:: SOURCE MATERIAL ::

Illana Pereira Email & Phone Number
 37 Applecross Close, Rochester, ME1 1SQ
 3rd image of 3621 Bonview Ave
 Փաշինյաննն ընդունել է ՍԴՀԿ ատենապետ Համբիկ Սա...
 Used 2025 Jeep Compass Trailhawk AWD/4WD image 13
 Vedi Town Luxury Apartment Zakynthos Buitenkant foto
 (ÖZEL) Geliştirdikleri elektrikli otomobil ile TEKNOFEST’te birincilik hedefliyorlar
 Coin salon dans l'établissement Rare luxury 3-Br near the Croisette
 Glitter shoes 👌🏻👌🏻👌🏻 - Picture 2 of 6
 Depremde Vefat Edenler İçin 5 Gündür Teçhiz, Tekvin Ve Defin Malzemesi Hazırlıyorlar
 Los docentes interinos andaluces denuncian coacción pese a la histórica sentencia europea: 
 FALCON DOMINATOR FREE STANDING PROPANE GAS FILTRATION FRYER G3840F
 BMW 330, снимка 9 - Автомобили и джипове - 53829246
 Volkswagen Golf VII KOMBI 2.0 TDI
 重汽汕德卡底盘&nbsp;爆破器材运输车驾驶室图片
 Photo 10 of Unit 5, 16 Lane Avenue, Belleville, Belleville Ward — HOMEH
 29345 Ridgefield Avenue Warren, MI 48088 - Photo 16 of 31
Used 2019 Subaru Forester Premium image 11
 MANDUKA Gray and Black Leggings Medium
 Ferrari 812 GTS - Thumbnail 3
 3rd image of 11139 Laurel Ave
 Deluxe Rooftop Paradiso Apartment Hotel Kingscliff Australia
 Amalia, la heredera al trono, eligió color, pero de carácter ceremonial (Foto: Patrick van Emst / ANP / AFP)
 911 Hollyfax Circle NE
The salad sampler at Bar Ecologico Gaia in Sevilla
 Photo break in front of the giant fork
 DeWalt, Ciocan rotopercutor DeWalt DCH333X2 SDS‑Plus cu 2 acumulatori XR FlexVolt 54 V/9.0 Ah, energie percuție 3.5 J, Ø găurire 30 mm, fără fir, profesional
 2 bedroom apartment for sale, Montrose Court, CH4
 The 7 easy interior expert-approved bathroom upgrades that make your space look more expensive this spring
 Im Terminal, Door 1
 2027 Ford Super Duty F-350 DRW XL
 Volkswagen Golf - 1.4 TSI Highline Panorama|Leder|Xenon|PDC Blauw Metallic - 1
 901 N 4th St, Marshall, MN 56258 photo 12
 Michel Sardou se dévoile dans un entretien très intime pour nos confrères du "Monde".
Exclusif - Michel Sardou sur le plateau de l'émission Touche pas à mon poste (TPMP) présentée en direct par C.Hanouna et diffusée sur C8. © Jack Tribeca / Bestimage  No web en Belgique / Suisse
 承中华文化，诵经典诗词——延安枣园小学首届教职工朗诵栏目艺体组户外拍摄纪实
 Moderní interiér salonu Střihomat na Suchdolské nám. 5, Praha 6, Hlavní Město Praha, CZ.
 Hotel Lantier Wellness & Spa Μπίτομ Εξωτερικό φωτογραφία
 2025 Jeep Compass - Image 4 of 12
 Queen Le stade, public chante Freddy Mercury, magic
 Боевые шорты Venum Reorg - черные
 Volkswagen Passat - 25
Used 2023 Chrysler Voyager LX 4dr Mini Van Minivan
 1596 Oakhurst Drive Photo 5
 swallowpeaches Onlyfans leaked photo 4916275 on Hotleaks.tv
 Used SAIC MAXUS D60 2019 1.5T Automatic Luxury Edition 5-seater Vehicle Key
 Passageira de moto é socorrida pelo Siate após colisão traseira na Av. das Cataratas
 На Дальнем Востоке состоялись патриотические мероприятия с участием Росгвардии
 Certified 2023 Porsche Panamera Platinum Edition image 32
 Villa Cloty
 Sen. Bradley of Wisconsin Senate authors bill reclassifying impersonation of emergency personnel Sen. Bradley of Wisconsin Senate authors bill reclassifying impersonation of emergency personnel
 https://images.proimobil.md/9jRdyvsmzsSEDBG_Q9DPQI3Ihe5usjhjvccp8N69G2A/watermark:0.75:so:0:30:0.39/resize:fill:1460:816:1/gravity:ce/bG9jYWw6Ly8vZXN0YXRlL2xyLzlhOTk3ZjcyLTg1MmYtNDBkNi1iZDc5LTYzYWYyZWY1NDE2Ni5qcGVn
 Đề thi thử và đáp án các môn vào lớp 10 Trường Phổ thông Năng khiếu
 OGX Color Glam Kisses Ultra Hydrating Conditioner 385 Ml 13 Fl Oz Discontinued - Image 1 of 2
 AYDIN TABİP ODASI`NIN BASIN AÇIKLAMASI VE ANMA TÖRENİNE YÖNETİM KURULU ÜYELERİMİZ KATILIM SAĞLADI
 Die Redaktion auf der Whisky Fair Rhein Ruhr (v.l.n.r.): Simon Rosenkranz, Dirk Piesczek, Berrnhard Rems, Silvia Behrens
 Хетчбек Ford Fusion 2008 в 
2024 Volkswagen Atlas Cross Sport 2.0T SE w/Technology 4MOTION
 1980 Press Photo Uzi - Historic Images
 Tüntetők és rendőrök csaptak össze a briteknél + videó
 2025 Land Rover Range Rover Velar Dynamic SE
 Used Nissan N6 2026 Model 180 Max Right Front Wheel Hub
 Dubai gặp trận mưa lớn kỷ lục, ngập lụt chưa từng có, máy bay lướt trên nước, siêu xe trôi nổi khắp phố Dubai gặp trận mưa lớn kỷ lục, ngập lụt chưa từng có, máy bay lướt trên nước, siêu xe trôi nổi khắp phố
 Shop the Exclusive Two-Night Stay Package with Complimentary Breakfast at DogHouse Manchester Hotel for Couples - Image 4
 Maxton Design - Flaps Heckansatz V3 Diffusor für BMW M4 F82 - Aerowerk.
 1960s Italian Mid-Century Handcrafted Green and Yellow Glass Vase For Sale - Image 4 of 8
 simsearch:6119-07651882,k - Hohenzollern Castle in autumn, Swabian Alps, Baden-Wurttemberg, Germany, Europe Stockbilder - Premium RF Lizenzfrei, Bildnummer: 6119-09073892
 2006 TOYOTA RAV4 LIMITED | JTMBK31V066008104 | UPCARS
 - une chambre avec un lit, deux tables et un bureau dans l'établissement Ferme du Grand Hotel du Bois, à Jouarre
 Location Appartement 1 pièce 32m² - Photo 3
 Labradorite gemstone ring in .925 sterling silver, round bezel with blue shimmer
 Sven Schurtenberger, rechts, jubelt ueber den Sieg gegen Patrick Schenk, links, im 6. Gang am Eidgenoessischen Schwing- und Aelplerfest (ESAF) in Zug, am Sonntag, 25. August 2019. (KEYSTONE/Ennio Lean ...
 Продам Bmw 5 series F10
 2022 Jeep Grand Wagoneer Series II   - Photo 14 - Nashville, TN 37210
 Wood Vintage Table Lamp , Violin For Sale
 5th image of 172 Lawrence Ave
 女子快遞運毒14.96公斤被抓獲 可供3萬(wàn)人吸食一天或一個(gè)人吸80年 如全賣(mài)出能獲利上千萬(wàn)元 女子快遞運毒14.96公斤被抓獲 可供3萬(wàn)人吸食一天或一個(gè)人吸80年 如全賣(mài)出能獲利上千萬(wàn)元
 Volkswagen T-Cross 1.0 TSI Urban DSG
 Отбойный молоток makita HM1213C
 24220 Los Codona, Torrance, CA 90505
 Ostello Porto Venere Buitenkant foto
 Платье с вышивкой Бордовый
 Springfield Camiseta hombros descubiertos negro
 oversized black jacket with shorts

:::

> [WHAT NEEDS TO BE DONE]:
Which lines above contain the word "Sardou"? Copy each one.

> [WRITTEN SOLUTION]:
 Michel Sardou se dévoile dans un entretien très intime pour nos confrères du "Monde".
Exclusif - Michel Sardou sur le plateau de l'émission Touche pas à mon poste (TPMP) présentée en direct par C.Hanouna et diffusée sur C8. © Jack Tribeca / Bestimage  No web en Belgique / Suisse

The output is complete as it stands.